Sentence starter: I believe Sekhar __________, because the story shows __________ and the paired text explains __________.
Prompt C — Sentence Lab
Write three original sentences about the story:
one simple sentence using sullen
one compound sentence about the headmaster's kindness and his revenge
one complex sentence explaining the story's irony
🧠 Think Deeper
No teacher needed — Fred coaches every task here. Work through the analogies, then argue both sides, then carry the idea into the real world.
🔗 Analogies · reasoning
Part 1 — Analogies
Find the relationship in the first pair, then pick the choice that repeats it. These are auto-graded and explained.
Reasoning
TRUTH : THE SUN :: SINGING : ?
Match each idea to the image Narayan uses to picture it.
Reasoning
THE HEADMASTER : SEKHAR :: ?
Pick the pair with the same ironic reversal — warmth that turns into quiet punishment after an honest word.
Reasoning · L.7.4
TENTATIVELY : HESITANTLY :: APPREHENSIVELY : ?
⚖️ Argue both sides · dialectic
Part 2 — Argue Both Sides
Was Sekhar right to tell the absolute truth to his wife and the headmaster — or was his “honesty” just needless cruelty that a kind person would have softened?
Do this: write the strongest case for each side using a quotation, then end with your own verdict. Structure: On one hand… (evidence). On the other hand… (evidence). I conclude…
Fred's two-sided model: Right to be honest: Sekhar keeps a principled vow that truth matters “whatever may happen” (paragraph [1]), and he does it at real cost to himself — his voice is “trembling” and he reflects that truth “required as much strength to give as to receive” (paragraph [9]). This is integrity, not malice. Needless cruelty: Yet his honesty wounds people who meant him no harm. He makes his wife “wince” over breakfast (paragraph [2]) and crushes a generous host who has just laid out “several dishes of delicacies” for him (paragraph [7]), when a kinder phrasing could have told the truth without the sting. Verdict: The strongest reading is that Sekhar is honest but not yet wise: the story does not condemn truth itself, but shows that truth delivered without tact carries a price — the “luxury” he pays for in lost goodwill.
🌍 Real-world transfer
Part 3 — Carry It Into the Real World
Describe a real situation — from school, work, friendship, or the news — where blunt honesty hurt someone or backfired. Then connect it to what Narayan shows about truth and tact.

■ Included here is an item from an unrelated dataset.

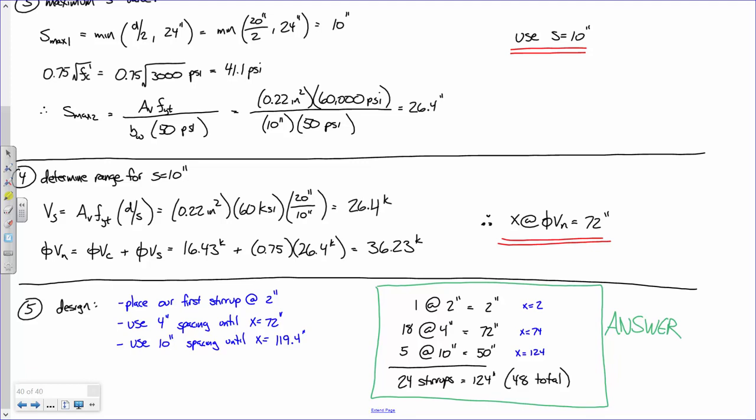It's possible that a stirrup might fall right on the location of the concentrated load. In that case, I'd go one more stirrup to ensure there's a region that completely encompasses where that load is. So I would add one more in that situation.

Sentence starter: A real example of blunt honesty backfiring is __________. This connects to Like the Sun because __________.
Fred's model: A real-world parallel is an employee who tells the boss, in front of the team, that a project they are proud of is worthless — and then finds their workload quietly piled higher afterward. That mirrors Sekhar, who gives the headmaster a brutally frank verdict and the very next day is told “I must positively have them here tomorrow…” — a hundred papers in a day (paragraph [11]). The lesson transfers cleanly: honesty is valuable, but truth that ignores how it lands can cost you goodwill you will need later — which is why Sekhar calls it a “luxury” he pays for (paragraph [11]).